25 December 2008

Statistical Abstraction

Getting exiftool to cough up lens type and focal length data is straightforward; it just takes ages to do it for 11,944 files.
for x in */*/*dng; do exiftool -FocalLength $x >> LengthList; done
for x in */*/*dng; do exiftool -LensType $x >> LensList; done

Focal length is a simple single number; that means
sort -ung UniqueLengths > UniqueLengthList
for x in `gawk '{print $4}' UniqueLengthList`; do print $x,`grep -wc $x LengthList` >> ShotsPerLength; done
will get me a useful table:

Length(mm) Shots
0 27
14 119
31 1565
35 916
50 820
55 332
62.5 27
70 398
75 19
77 849
77.5 24
80 12
85 4
87.5 35
97.5 58
100 2405
107.5 34
108 21
120 72
133 52
135 91
150 150
170 199
190 351
210 250
230 153
240 14
260 135
300 2812
Which can be graphically represented as:

Lens names are more interesting to extract; I had to use perl, rather than a combination of awk and grep, since having parens and square brackets in lens names that span several fields (from awk's point of view) made things Interesting.
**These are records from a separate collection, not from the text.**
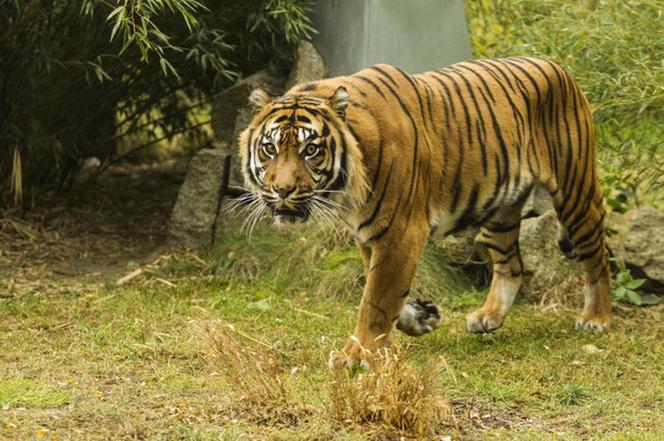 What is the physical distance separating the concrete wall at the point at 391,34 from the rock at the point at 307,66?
0.24 feet

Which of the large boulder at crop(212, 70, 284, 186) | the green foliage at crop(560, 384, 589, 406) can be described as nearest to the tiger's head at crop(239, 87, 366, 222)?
the green foliage at crop(560, 384, 589, 406)

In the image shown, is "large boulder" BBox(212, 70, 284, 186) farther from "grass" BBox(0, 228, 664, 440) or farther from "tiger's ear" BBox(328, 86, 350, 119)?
"tiger's ear" BBox(328, 86, 350, 119)

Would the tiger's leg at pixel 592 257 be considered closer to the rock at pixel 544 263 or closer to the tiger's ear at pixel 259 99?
the rock at pixel 544 263

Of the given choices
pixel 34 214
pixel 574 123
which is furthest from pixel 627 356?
pixel 34 214

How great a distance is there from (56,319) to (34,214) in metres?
2.30

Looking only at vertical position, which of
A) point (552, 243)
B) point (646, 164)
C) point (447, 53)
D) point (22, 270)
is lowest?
point (22, 270)

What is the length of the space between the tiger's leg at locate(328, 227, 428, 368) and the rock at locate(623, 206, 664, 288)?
2.43m

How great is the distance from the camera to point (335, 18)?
7586 mm

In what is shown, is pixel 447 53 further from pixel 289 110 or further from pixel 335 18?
pixel 289 110

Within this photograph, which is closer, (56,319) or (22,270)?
(56,319)

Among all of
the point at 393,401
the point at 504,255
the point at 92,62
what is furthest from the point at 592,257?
the point at 92,62

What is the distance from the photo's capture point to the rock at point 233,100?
775 centimetres

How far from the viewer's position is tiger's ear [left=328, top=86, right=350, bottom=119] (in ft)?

One can get the whole lens name out just fine, but quote-escaping it so the shell doesn't split on spaces before grep gets it either lumps them all together (zero matches) or fails, so all the elements of the lens name are split out by spaces, leaving many matches, few of them useful. But a little perl gives me the useful:

Lens Shots
M-42 or No Lens 27
Sigma Lens (3 255) 2120
smc PENTAX-DA 14mm F2.8 ED[IF] 119
smc PENTAX-DA 35mm F2.8 Macro Limited 916
smc PENTAX-DA 55-300mm F4-5.8 ED 3044
smc PENTAX-DA 70mm F2.4 Limited 83
smc PENTAX-FA 31mm F1.8AL Limited 1565
smc PENTAX-FA 50mm F1.4 820
smc PENTAX-FA 77mm F1.8 Limited 849
smc PENTAX-FA MACRO 100mm F2.8 2401

Which can be graphically represented as:
I'm not sure what this tells me; I use the long zoom a great deal, I use the 100mm macro a great deal, I would probably use a fast 200mm lens if I had it (that cluster around 200mm in the focal length graph is trading off focal length for f-stop number taking pictures of feeder birds) and a I really like the 31mm Ltd. out of the primes. I also spend a lot of time at 300mm and would probably use a longer lens if I had it.

None of this is precisely news, but I suppose it's a good thing to be able to back it up numerically.


Jeremy Leader said...

For that sort of counting, I typically use something like "cut -d ' ' -f 4 < UniqueLengths | sort -ng | uniq -c". (Not sure if the cut is equivalent to "gawk '{print $4}'" or not)

That way, it only makes one pass over the list. I suspect it might even avoid the need for Perl in processing the lens list.

Graydon said...

cut to get field number four would work much the same way telling gawk to print field 4 would. The problem I had was with the lens names, which are space-separated strings. Those get subjected to interpolation by the shell unless they are in quotes, and it's beyond me to put each name in quotes (fields 5 through 8) without putting all the names in quotes, which isn't ever going to match anything.

There is probably a way to do that (and I'll take a poke at cut to see it knows how) but perl was easier for the lens names just because it got me away from the shell interpolation breaking everything at each space.